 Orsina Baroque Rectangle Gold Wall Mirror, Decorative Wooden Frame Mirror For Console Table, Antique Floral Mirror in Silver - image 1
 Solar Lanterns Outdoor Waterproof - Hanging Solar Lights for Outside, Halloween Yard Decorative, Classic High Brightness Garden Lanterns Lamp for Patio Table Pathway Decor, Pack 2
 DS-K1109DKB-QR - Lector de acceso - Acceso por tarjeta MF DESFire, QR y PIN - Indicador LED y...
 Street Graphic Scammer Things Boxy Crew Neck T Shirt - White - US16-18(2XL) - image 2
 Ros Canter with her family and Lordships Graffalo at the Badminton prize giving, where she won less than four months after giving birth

_WHAT YOU WILL DO_
Print the records above verbatim from their first line to the line containing "Solar Lanterns Outdoor", both included, and stop there.

_REPLY TO THE TASK_
 Orsina Baroque Rectangle Gold Wall Mirror, Decorative Wooden Frame Mirror For Console Table, Antique Floral Mirror in Silver - image 1
 Solar Lanterns Outdoor Waterproof - Hanging Solar Lights for Outside, Halloween Yard Decorative, Classic High Brightness Garden Lanterns Lamp for Patio Table Pathway Decor, Pack 2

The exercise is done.